# Horny buggers aren't they



## molurus73 (Apr 15, 2005)

One day after the untimely demise of their fry, at it again. Just like freakin clockwork.


----------



## ctmpwrdcamry (May 23, 2005)

Nice picture...hopefully this time you have better luck


----------



## JRJ (Feb 9, 2005)

They must be happy. Good job, Jim.

-Russ


----------



## molurus73 (Apr 15, 2005)

I think I am going to move them into a 20 gallon all by themselves. Cone, sponge filter and away we go. At least until I get my 90 gallon set up.


----------



## Jack W (Apr 8, 2005)

Are you using RO water ?


----------



## molurus73 (Apr 15, 2005)

Nope.

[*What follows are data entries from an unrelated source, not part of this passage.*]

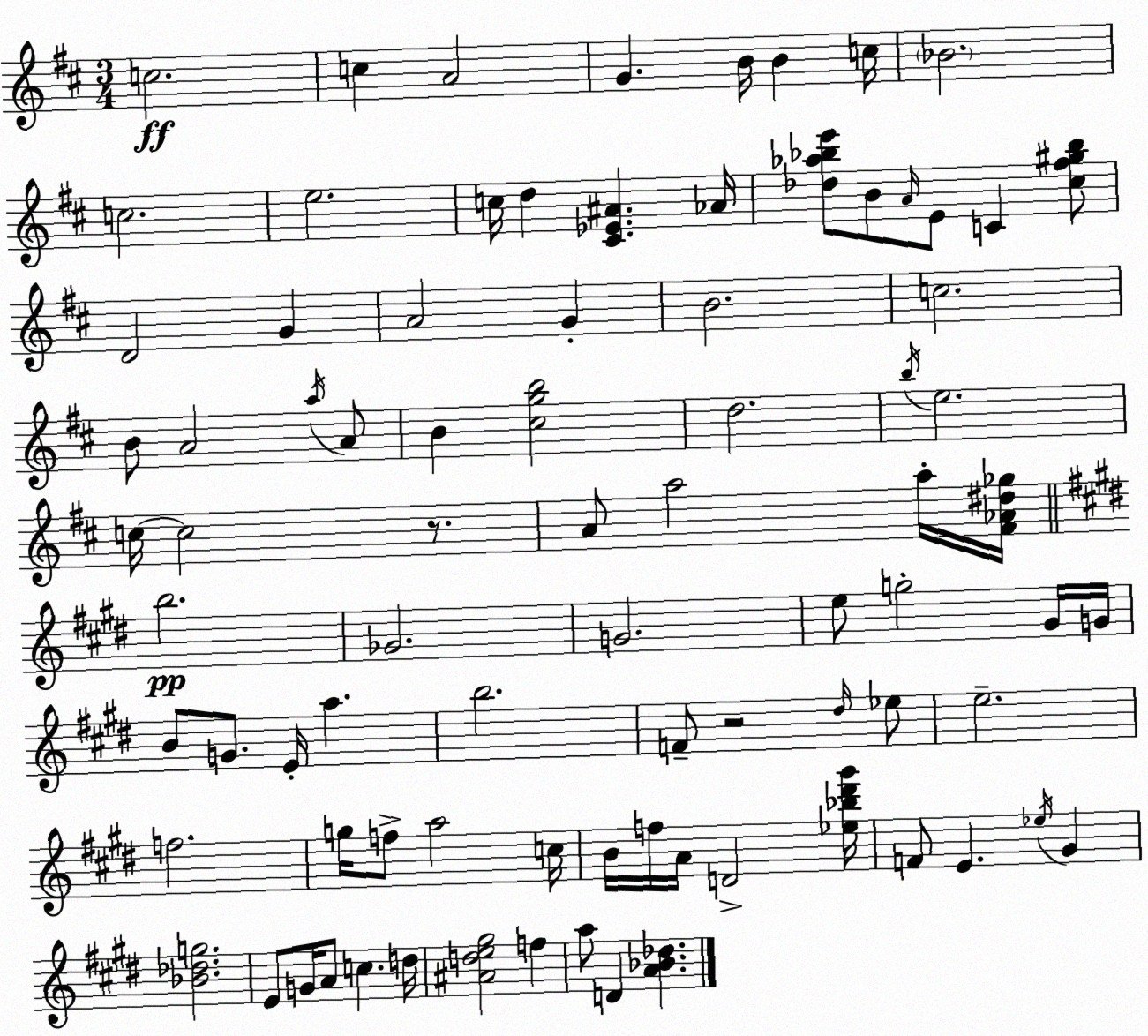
X:1
T:Untitled
M:3/4
L:1/4
K:D
c2 c A2 G B/4 B c/4 _B2 c2 e2 c/4 d [^C_E^A] _A/4 [_d_a_be']/2 B/2 A/4 E/2 C [^c^f^g_b]/2 D2 G A2 G B2 c2 B/2 A2 a/4 A/2 B [^cgb]2 d2 b/4 e2 c/4 c2 z/2 A/2 a2 a/4 [^F_A^d_g]/4 b2 _G2 G2 e/2 g2 ^G/4 G/4 B/2 G/2 E/4 a b2 F/2 z2 ^d/4 _e/2 e2 f2 g/4 f/2 a2 c/4 B/4 f/4 A/4 D2 [_e_b^d'^g']/4 F/2 E _e/4 ^G [_B_dg]2 E/2 G/4 A/2 c d/4 [^Ade^g]2 f a/2 D [A_B_d]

Straight tap water.


----------



## MatPat (Mar 22, 2004)

molurus73 said:


> I think I am going to move them into a 20 gallon all by themselves. Cone, sponge filter and away we go. At least until I get my 90 gallon set up.


I think you need to do that  I would love to have a few of these guys in my 75g! I am definately partial to blue fish!

I don't think the Powder Blue Gouramis are working out in the 75g upstairs. The males hide most of the time and only come out for food. I think maybe the addition of the Rummy Nose (Thanks Jack) may have been too much for them. I've read that Gouramis need "calmer" tankmates and think maybe the Rummies are just too active for them. The females are out and about but not the males and it's the blue color of the males that I wanted!

Call me "anal" but the Gouramis just don't look right in a tank full of Rummy Nose, Apistogramma, and Otocinclus. Definately get these guys breeding and if Mom and Dad can't handle it, maybe you need to try them on your own! I'd be willing to pre-order half a dozen of them to help with the rearing costs


----------



## J.Sipes (Jul 7, 2004)

MatPat said:


> . Definately get these guys breeding and if Mom and Dad can't handle it, maybe you need to try them on your own! I'd be willing to pre-order half a dozen of them to help with the rearing costs


The only draw back to that is the fry need to parents slime coat for survival or at least I have never heard of artifically rearing the fry 
Congrats on the spawns Jim...Are you feeding live foods? How many spawns have you had? I had a pair spawn 10 times before they ever reared fry...Give-em some time they'll get the hang of it...Also if You check on the gcas forum and Ask discus**** (**** Brietfielder) he can give you some tips,I know **** has been breeding and raising Discuss for years!!


----------